OPPO Bubble trasforma Reno16 in una camera più creativa
OPPO Bubble trasforma Reno16 in una camera più creativa grazie a un mini display compatto che mostra la preview live della fotocamera posteriore. Una volta agganciato tramite cover magnetica, permette di controllare inquadratura, posa, zoom e scatto remoto fino a 10 metri, rendendo più semplici selfie di gruppo, vlog e contenuti social.
OPPO Bubble rende più utile la camera posteriore
OPPO Bubble nasce per risolvere un limite pratico degli smartphone.
La fotocamera posteriore è quasi sempre migliore di quella frontale. Però, quando si scatta da soli o in gruppo, controllare l’inquadratura diventa più complicato.
Con Bubble, OPPO prova a chiudere questa distanza.
Il piccolo device si aggancia a Reno16 tramite cover magnetica e mostra in tempo reale la preview della camera posteriore.
Quindi l’utente può usare il sensore principale con un controllo visivo simile a quello di una selfie camera.
È una funzione molto concreta, soprattutto per chi crea contenuti in movimento e non vuole montare ogni volta un setup più complesso.
Preview live, scatto remoto e zoom
Il vantaggio principale è la preview live.
Bubble permette di vedere posa, composizione e inquadratura anche quando lo smartphone è lontano.
Per esempio, Reno16 può essere appoggiato su un supporto, montato su un treppiede o tenuto in mano da un’altra persona.
In più, il device funziona anche come remote shutter fino a 10 metri di distanza.
Questo rende più semplice scattare foto di gruppo, autoritratti e contenuti in viaggio senza correre avanti e indietro verso il telefono.
L’interfaccia supporta anche diversi livelli di zoom, quindi il controllo non si limita al pulsante di scatto.
Si può costruire meglio la scena prima di salvare la foto o iniziare la registrazione.
OPPO Bubble per selfie di gruppo, vlog e contenuti social
OPPO Bubble parla in modo diretto a chi usa lo smartphone per creare.
Il caso più immediato sono i selfie di gruppo con la fotocamera principale.
Invece di usare la camera frontale, spesso meno performante, si può sfruttare il modulo posteriore mantenendo il controllo dell’inquadratura.
Poi ci sono i vlog.
Guardare verso la lente posteriore rende il contenuto più naturale, perché l’utente può mantenere lo sguardo nella direzione corretta e controllare comunque cosa sta registrando.
Bubble può essere utile anche per scatti più creativi.
Basta lasciare il telefono su un supporto, scegliere una composizione diversa e gestire lo scatto a distanza.

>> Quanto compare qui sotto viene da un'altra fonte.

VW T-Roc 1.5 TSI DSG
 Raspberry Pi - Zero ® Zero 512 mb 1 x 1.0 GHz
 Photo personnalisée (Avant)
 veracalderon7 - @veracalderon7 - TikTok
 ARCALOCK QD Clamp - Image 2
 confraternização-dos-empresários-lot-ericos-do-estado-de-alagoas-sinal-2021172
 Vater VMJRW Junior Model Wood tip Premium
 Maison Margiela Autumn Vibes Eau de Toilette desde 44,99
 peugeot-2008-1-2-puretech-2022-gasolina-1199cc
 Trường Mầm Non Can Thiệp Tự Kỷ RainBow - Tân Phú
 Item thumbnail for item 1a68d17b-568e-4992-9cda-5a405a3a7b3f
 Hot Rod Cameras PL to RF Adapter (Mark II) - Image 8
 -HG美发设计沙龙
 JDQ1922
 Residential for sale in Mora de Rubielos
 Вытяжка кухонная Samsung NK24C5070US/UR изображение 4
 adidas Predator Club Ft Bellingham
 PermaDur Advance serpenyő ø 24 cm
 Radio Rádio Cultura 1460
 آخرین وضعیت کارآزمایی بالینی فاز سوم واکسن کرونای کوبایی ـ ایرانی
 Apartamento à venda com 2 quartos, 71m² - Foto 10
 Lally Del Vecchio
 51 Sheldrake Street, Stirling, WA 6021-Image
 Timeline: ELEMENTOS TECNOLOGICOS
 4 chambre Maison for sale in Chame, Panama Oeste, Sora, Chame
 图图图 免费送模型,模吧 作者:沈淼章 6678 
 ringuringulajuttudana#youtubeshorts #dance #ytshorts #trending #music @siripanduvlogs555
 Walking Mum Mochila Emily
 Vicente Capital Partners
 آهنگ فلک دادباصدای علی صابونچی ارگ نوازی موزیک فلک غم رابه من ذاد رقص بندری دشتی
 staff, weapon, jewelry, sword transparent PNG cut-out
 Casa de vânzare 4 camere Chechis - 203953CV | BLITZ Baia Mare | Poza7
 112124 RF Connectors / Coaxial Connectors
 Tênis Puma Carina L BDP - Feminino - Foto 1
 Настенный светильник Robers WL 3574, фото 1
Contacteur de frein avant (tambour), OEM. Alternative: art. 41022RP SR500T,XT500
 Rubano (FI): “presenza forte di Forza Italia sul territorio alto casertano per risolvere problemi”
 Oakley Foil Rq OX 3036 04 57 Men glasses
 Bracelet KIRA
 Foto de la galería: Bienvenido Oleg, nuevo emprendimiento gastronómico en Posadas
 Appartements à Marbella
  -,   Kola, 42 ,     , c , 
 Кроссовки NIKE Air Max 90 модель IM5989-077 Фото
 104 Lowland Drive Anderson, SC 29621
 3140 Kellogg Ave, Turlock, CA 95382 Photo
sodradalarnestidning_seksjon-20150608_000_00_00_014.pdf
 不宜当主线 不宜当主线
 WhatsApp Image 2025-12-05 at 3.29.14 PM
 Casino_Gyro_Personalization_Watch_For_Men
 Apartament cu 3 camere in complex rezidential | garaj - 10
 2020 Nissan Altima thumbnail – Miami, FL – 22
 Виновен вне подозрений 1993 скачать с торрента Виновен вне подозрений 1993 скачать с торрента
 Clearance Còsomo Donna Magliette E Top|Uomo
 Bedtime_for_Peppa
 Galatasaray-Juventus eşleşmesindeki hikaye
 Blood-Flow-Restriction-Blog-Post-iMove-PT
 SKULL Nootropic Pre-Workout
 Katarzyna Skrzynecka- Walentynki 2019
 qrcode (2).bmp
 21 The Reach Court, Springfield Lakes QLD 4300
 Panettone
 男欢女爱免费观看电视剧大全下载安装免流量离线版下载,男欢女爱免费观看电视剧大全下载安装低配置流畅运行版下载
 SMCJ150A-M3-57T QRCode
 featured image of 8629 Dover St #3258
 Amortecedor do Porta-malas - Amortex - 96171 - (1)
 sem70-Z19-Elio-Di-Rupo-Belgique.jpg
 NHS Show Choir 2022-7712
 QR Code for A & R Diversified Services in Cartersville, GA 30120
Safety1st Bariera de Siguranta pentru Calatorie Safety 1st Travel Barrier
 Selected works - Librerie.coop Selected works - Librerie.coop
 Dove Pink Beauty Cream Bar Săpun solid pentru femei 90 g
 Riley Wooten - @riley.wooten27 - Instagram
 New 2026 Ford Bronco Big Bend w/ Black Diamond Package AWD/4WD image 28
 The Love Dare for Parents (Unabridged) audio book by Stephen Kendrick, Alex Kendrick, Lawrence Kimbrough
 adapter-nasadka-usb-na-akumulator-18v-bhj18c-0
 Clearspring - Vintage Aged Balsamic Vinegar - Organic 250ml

In vacanza, durante un evento o in una giornata fuori, questa libertà può fare la differenza.
Un display AMOLED anche per personalizzare Reno16
Bubble non si ferma alla parte fotografica.
Il piccolo display AMOLED può mostrare immagini statiche, motion photo o brevi video.
In questo modo, il retro dello smartphone diventa più personale e dinamico.
Non è solo una questione estetica. È un’estensione dell’identità della Reno16 Series, che punta molto su creatività, contenuti rapidi e linguaggio social.
Inoltre, Bubble si abbina bene a funzioni come Pop Cam e AI Remix Collage.
La prima lavora su atmosfere e resa fotografica. La seconda aiuta a combinare foto, motion photo e brevi video in collage più dinamici.
Bubble aggiunge il controllo fisico e visivo, quindi completa il percorso creativo.
Un accessorio coerente con Reno16 Series
La forza di OPPO Bubble sta nella semplicità dell’uso.
Non promette di sostituire una fotocamera professionale. Però migliora una situazione quotidiana che molti conoscono bene.
Quando si vuole usare la camera migliore dello smartphone per una foto di gruppo, un vlog o uno scatto a distanza, avere una preview esterna cambia davvero l’esperienza.
Il telefono può stare lontano. L’utente resta libero di muoversi. La composizione diventa più controllata.
Per questo Bubble non sembra un gadget messo lì solo per attirare attenzione.
È un accessorio pensato per rendere la creazione di contenuti più mobile, più personale e meno dipendente da altri strumenti.
Con Reno16 Series, OPPO continua quindi a spingere su fotografia, AI e personalizzazione.
Bubble aggiunge un tassello piccolo, ma molto chiaro: usare meglio la camera posteriore, anche quando lo smartphone non è nelle mani dell’utente.